Copy nothing from the entries below except the lines from the one containing "Multifunción BROTHER Color" through the one containing "Entonnoir inox Versare", and copy those exactly.

- Opening Delimiter -

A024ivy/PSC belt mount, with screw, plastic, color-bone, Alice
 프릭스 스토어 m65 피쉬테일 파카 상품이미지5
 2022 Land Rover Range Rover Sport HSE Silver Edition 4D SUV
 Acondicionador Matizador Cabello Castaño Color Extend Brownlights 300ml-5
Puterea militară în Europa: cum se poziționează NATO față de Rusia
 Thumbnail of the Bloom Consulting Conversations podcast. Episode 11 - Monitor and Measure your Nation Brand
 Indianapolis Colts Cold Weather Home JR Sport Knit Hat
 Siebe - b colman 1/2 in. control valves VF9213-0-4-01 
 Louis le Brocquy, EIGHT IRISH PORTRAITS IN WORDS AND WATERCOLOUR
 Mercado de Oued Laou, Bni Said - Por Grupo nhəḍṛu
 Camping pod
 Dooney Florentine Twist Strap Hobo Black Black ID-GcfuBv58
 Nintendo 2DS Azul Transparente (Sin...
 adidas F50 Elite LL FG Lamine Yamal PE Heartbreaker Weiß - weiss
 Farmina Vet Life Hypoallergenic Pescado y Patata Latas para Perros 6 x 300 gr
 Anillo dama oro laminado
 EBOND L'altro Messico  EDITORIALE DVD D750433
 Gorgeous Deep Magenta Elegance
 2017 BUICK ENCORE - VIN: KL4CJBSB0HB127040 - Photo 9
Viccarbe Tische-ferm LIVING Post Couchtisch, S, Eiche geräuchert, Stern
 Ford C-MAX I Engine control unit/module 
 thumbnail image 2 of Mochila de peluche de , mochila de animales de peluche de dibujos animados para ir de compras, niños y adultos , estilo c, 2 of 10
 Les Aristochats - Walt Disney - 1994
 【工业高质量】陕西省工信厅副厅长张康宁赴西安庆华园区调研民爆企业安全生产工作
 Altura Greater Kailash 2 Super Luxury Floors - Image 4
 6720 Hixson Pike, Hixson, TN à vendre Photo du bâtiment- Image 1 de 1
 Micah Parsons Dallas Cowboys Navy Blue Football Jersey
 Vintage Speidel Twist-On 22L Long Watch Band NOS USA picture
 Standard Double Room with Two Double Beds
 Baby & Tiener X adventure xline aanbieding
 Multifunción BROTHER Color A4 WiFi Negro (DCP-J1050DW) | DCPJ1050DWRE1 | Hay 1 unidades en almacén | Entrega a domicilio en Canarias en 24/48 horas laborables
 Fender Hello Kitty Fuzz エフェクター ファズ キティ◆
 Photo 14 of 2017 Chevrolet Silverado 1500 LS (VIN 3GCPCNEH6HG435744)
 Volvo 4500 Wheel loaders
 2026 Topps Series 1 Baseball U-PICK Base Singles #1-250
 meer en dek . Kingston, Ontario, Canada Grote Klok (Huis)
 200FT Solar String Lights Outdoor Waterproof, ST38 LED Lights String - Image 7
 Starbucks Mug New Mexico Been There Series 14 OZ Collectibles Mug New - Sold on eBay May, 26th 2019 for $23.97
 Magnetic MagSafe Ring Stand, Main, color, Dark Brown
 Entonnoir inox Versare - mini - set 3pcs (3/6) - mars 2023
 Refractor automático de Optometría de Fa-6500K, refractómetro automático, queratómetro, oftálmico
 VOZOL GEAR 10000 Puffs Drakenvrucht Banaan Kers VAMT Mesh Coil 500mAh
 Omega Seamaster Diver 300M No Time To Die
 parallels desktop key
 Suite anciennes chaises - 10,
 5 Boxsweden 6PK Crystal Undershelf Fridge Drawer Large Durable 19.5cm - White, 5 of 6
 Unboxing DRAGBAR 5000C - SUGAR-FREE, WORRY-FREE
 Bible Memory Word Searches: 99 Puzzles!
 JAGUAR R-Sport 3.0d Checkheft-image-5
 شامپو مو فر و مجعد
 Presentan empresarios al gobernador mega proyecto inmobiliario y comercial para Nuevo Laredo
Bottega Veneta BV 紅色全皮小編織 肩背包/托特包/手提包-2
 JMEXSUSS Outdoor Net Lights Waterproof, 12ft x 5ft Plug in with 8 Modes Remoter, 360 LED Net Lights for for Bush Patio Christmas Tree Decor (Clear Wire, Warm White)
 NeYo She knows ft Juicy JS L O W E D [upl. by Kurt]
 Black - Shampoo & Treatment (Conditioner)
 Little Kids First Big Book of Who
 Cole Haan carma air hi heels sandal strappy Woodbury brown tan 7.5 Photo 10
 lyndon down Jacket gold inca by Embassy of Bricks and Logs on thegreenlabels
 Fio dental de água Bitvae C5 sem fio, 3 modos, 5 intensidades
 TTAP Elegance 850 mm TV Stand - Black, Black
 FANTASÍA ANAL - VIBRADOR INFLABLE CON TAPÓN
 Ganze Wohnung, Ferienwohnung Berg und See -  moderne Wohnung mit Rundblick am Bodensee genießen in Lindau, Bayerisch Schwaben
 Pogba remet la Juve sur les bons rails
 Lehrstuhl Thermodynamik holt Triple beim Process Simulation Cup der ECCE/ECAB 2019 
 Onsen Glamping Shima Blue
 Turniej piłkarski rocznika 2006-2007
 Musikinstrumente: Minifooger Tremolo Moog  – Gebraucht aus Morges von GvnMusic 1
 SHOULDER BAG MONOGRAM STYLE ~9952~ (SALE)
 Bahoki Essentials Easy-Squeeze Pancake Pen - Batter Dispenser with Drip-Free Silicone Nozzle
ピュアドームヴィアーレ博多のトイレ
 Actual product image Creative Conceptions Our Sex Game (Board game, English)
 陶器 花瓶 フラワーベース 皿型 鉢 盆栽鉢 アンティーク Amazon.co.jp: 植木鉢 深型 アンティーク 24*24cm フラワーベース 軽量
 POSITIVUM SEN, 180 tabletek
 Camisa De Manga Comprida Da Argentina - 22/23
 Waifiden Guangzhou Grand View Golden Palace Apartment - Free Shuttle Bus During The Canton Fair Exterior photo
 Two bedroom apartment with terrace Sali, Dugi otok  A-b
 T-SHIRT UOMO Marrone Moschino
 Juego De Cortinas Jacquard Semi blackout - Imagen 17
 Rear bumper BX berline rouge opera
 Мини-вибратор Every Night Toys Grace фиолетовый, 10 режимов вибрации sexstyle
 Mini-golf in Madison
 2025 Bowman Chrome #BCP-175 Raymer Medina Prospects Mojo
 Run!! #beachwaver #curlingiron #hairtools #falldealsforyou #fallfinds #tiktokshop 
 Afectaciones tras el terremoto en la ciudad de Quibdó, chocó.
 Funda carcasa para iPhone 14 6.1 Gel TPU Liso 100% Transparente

- Closing Delimiter -

Reply.
 Multifunción BROTHER Color A4 WiFi Negro (DCP-J1050DW) | DCPJ1050DWRE1 | Hay 1 unidades en almacén | Entrega a domicilio en Canarias en 24/48 horas laborables
 Fender Hello Kitty Fuzz エフェクター ファズ キティ◆
 Photo 14 of 2017 Chevrolet Silverado 1500 LS (VIN 3GCPCNEH6HG435744)
 Volvo 4500 Wheel loaders
 2026 Topps Series 1 Baseball U-PICK Base Singles #1-250
 meer en dek . Kingston, Ontario, Canada Grote Klok (Huis)
 200FT Solar String Lights Outdoor Waterproof, ST38 LED Lights String - Image 7
 Starbucks Mug New Mexico Been There Series 14 OZ Collectibles Mug New - Sold on eBay May, 26th 2019 for $23.97
 Magnetic MagSafe Ring Stand, Main, color, Dark Brown
 Entonnoir inox Versare - mini - set 3pcs (3/6) - mars 2023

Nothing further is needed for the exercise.